The need to call on the Saudis to stabilize oil markets in the wake of the Iran announcement, however, lays bare why increased oil production alone does not make the U.S. immune to the realities of the global oil market. As oil can be freely traded, there is, broadly speaking, one world oil price. A disruption to supply somewhere in the world will thus cause oil prices, and consequently pump prices, to rise in the United States, even if it imports no oil at all.
Perhaps the gambit is to foster isolationism in order to burn off our reserves, but my money is still going to be on something more direct and catastrophic (at least in application), so that we are somehow either prevented from extracting sufficient quantities on our own or the access is somehow sabotaged.
We have
80% of the world’s shale oil resources, but somehow Trump is going to fuck with that or make some sort of deal that puts us on the losing end in regard to it. Words marked.
ETA: It has something to do with this:
Trump Administration Rescinds Fracking Rule For Public Lands.
Keep in mind that Trump’s business model was never about building shit; it was about getting loans to build shit so that he could then profit off of their demise. The cover—the front—was the building, but the way he made his money was off of the fire sales once they went belly-up.
The point being, you can’t ever look at Trump dangling his shiny keys; that’s the distraction so that you don’t see what he’s really up to. A trick he learned from his corrupt father; even more corrupt mentor (Roy Cohn); equally corrupt advisors (Stone, Bannon, Priebus etal); and long time groomer and current puppeteer, Putin.
Somehow, our shale resources will get fucked, I guarantee it and
this may be it:
As one of the few federal actions that have been taken to address the risks associated with unconventional oil and gas development, the 2015 BLM fracking rule was an important step in protecting people and enhancing disclosure around hydraulic fracturing.

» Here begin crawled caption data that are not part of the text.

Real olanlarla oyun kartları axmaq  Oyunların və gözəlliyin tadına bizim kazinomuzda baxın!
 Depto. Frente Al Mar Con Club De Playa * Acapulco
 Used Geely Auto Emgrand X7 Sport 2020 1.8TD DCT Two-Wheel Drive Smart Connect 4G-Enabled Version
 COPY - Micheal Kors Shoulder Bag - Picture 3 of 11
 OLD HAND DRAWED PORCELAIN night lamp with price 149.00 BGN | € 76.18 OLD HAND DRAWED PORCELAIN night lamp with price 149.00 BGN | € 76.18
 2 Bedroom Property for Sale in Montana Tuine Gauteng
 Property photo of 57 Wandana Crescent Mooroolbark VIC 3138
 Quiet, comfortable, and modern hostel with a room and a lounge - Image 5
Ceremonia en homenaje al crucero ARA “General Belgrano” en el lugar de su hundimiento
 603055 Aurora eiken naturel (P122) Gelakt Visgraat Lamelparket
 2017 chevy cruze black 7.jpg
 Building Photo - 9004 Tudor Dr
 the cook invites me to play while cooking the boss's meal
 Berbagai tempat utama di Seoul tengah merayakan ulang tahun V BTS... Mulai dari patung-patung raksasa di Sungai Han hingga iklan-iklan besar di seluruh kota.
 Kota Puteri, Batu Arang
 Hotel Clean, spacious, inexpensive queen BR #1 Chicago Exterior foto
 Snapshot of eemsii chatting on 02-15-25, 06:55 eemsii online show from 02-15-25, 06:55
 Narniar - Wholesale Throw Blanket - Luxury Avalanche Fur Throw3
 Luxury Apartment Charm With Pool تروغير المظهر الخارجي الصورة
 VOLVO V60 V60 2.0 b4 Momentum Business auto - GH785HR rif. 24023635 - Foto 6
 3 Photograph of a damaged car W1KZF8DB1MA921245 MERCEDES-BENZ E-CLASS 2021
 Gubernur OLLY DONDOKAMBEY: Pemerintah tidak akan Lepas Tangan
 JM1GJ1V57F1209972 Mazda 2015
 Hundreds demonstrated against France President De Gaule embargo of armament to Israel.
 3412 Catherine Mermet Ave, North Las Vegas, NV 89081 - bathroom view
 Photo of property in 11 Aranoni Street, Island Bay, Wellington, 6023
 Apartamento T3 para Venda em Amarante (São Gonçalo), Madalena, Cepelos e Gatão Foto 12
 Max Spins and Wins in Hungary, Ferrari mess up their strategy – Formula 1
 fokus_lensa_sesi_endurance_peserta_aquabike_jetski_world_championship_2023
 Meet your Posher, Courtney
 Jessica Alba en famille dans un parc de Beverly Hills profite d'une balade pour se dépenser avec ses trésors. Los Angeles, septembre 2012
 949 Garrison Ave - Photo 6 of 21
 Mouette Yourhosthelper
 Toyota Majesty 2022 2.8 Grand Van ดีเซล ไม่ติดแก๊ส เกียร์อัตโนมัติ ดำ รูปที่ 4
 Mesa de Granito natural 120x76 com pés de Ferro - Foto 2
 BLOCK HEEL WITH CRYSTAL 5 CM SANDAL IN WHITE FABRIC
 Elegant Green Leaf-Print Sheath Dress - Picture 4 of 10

Without such a rule in place, fracking on federal lands has less oversight and transparency, putting the public at risk.
And the operations themselves.
Or, there’s
this route (sending the industry into never ending regulatory deadlock:
The industry and the Trump administration would increase national and local acceptance of fracking if strong federal regulations were in place. Instead, the industry argues that states are already doing an adequate job of regulating fracking, so the behemoth federal government need not slow the drilling approval process with yet more red tape. Yet even if most states have model fracking regulations, that does not obviate the need for a federal backstop guaranteeing a minimum level of regulation across the country. The Obama rules would have deferred to local regulations when states had regulations as strong or stronger than the federal ones.
If Trump administration officials were worried about regulatory redundancy, they should have ensured that the federal authorities were deferring to states when they could. Instead, they quashed a sensible set of rules that would have discouraged accidents and encouraged public confidence in the industry.
My money is on a predictable, catastrophic accident due to rescinding Obama’s regulations (and/or sabotage resulting in the same thing) and that accident being so devastating that everyone—Trump included—has no choice but to ban fracking. And the basis for that bet is the simple fact that there was no need to rescind the regs. The industry was, in fact, just fine with them and agreed to them as being necessary to help prevent catastrophic accidents.